Yep. It will snap the hinge quickly and you can also direct your snipe cut in the direction of a swing to get it jumping more in that direction. It looks a little like he is doing that in the pic. The snipe is pointing a little more to his left. I used one yesterday with a walking dutchman. Dead elm was shaped like a question mark and leaning toward a cherry. Got the butt to walk around the stump and around the cherry to the hole where I wanted it.


----------



## tramp bushler (Jan 19, 2010)

.. Snipes are handy when on steepish ground when you want a little help keeing the top up the hill and the bottom too slip down the hill where the tree will lay more level so it can be limbed and bucked safely and so your timber lays along the hill or draw instead of up and down the hill ...........Cody cut for the helicopters so he didn,t have the luxury of being an Alaskan ( AIR SCALER ) 
..... He had to be able to limb and buck and do a real good job with his wood ....
.
. Bushlin for a yarder , tho any half decent cutter makes sure his bucks will clean off if at all possible , We didn,t need to be as intense on shining up the logs ...Thats why the chaser has a saw on the landing !!!!.
.
.


----------



## isaaccarlson (Jan 19, 2010)

*just listening to you guys talk make me want to go out and drop some timber.....*

KNOCK IT OFF.....LOL


----------



## tramp bushler (Jan 19, 2010)

isaaccarlson said:


> KNOCK IT OFF.....LOL



Thats , ( FALL) some timber !! It,s a west coast thing .......
.
. But really , but really . you don,t want to drop timber , it might break !!!!!! Fall it , that way when it lands on the ground it lays out where you purposly put it ....
.
. I know ,I,m a prik , and don,t get mad , but thats the difference between the 2 areas ... We DROP a tree that has thousands of dollars of saw timber in it and bust it all to ----. and we are down the road with no prospects of future work . If we Fall it ...ie , purposly place it in the best lay we can find for it .. Save it out , maximize the logs in the tree . don,t get hurt , and get ALOT done ...... All we need is our name to get future work ... And we live longer ............. It has to do with the purposeness and safety of gettin em on the ground ...


----------



## isaaccarlson (Jan 19, 2010)

*I HARVEST mostly firewood so if it breaks its not a huge deal*

but I do try to keep it in one piece if possible just to make it easier to cut up.

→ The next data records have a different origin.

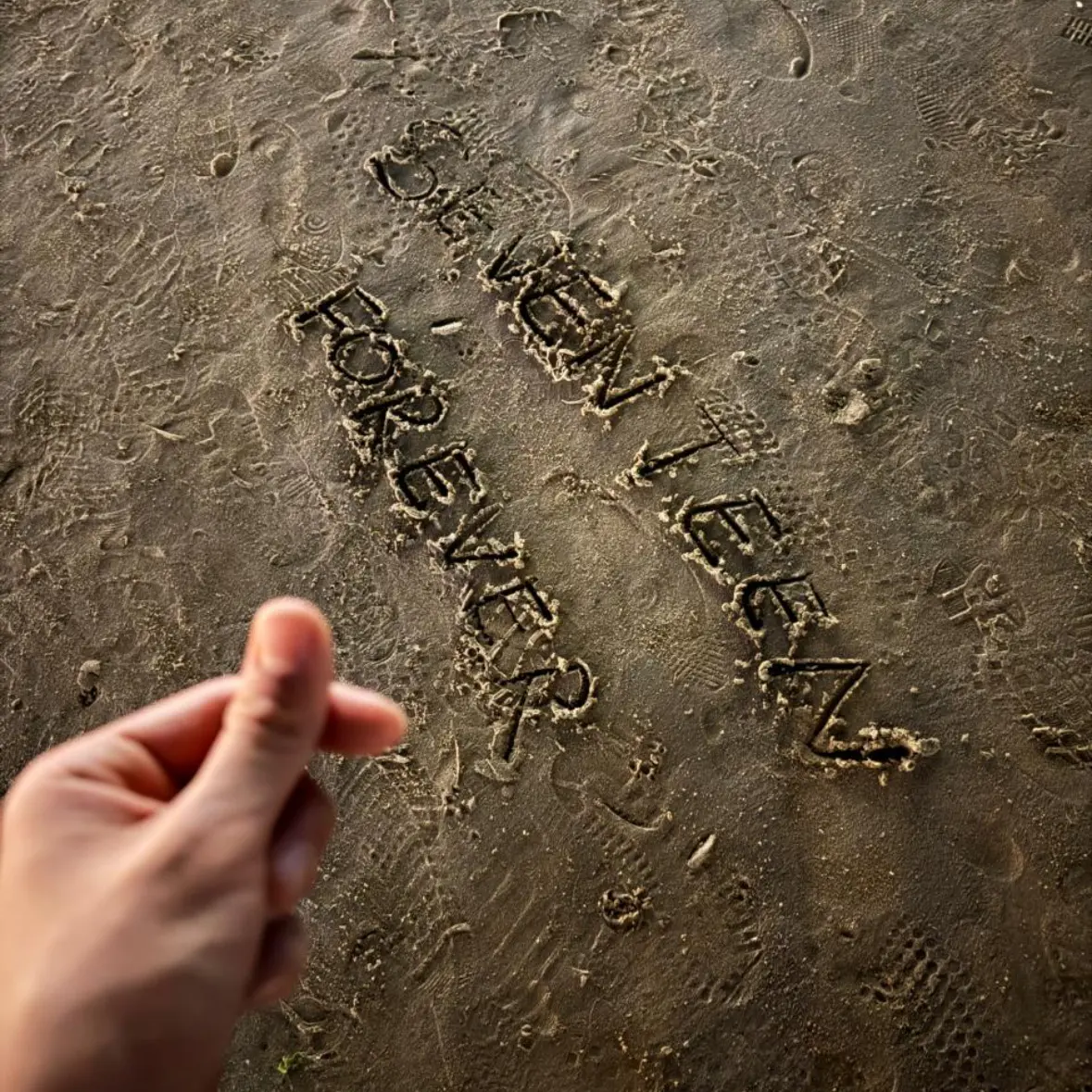 CrispRoot5779의 권숝영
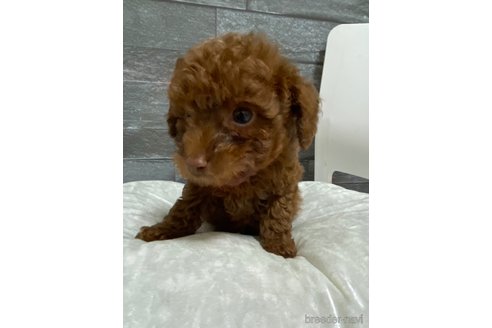 成約済の岡山県のトイプードル-281691の6枚目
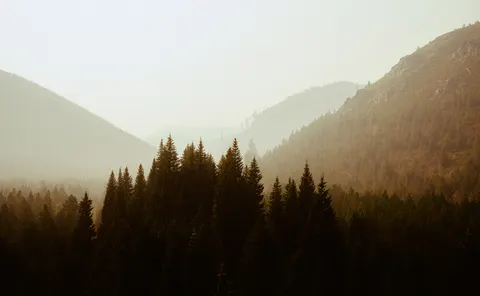 धुंध भरा जंगल 4K वॉलपेपर · minimal · 3840×2373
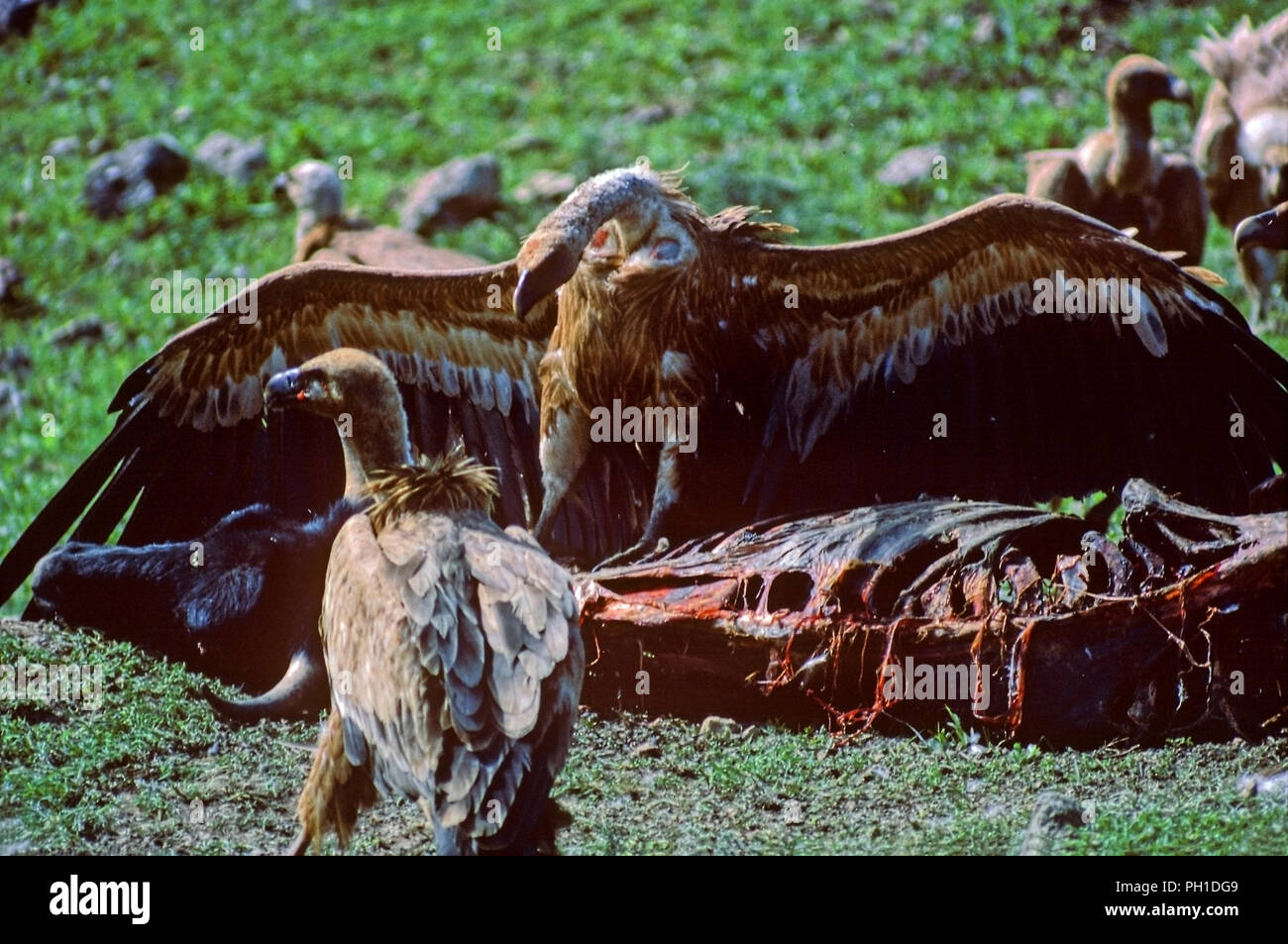 Avvoltoio o Eurasian grifone (Gyps fulvus) - mangiare carrion. Il sud della Spagna. Europa Foto Stock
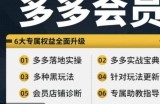 拼多多会员，拼多多实战宝典+实战落地实操，从新手到高阶内容全面覆盖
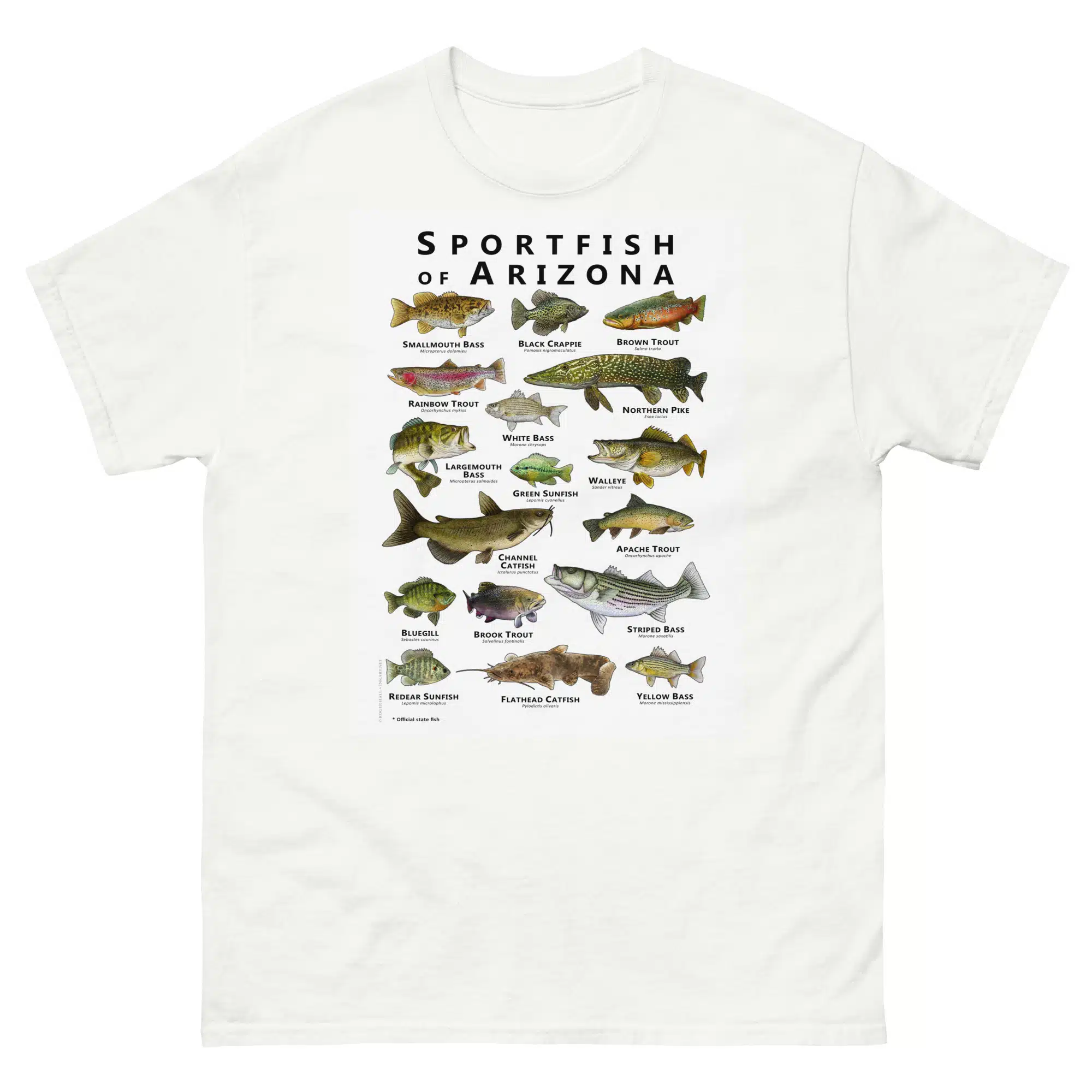unisex-classic-tee-white-front-688149c8ca33d.jpg Sportfish of Arizona - Unisex classic tee - Image 1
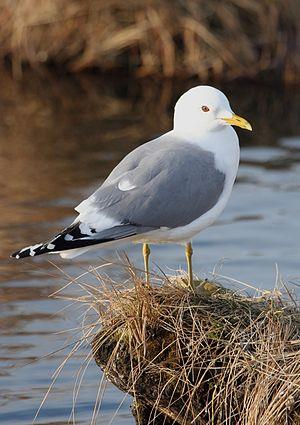 Common Gull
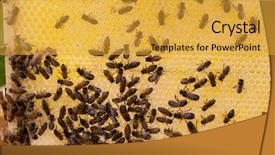  Presentation with honeycomb - Amazing PPT layouts having new honeycomb - fresh honey and bees backdrop and a  colored foreground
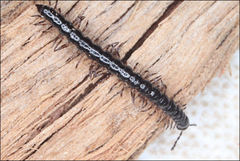 Dicranogonus pix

I figure harvest will be more acceptable to you. LOL


----------



## tramp bushler (Jan 19, 2010)

No , it,s cool , but that is the point of falling .... Thats why Fallers arn,t loggers ... We make logs .. we don,t move them ......
. With what I,m doing right now I,m the chief cook and bottle washer so I have to do it all ...
. Just say you are going to fall them ... It will put you in a better mind set ..


----------



## Greystoke (Jan 19, 2010)

tramp bushler said:


> .. Snipes are handy when on steepish ground when you want a little help keeing the top up the hill and the bottom too slip down the hill where the tree will lay more level so it can be limbed and bucked safely and so your timber lays along the hill or draw instead of up and down the hill ...........Cody cut for the helicopters so he didn,t have the luxury of being an Alaskan ( AIR SCALER )
> ..... He had to be able to limb and buck and do a real good job with his wood ....
> .
> . Bushlin for a yarder , tho any half decent cutter makes sure his bucks will clean off if at all possible , We didn,t need to be as intense on shining up the logs ...Thats why the chaser has a saw on the landing !!!!.
> ...



You pretty much nailed er tramp. Although I was Falling for a yarder on that job, they wanted us to limb 3 sides, but the reason I put the snipe on that tree was because it was on a little bluff and I wanted to kick the butt where the snipe was gunned in order to steer it into a little v-notch that was below me, and in effect try to save out the tree a little more. Those Sitka spruce will take some nasty ground but in this unit they were fairly tall, and unfortunately I broke a few 


Here is a good example of one that I broke. I have used a few of these pics in other threads so some of them might be redundant...sorry 

Undercutting:






Timber!!!!:






Although you can't see it in the pic, I had to fall this one across a couple of fairly steep V-notches and she broke, at least closer to the top...I did my best!






I think this is the redundant pic, but it shows one of the v-notches fairly well:






And, although I hate showing broken timber, here are the spoils of that rough ground...buckin out the break...I think the best thing I like about this pic is it shows my Kuliens!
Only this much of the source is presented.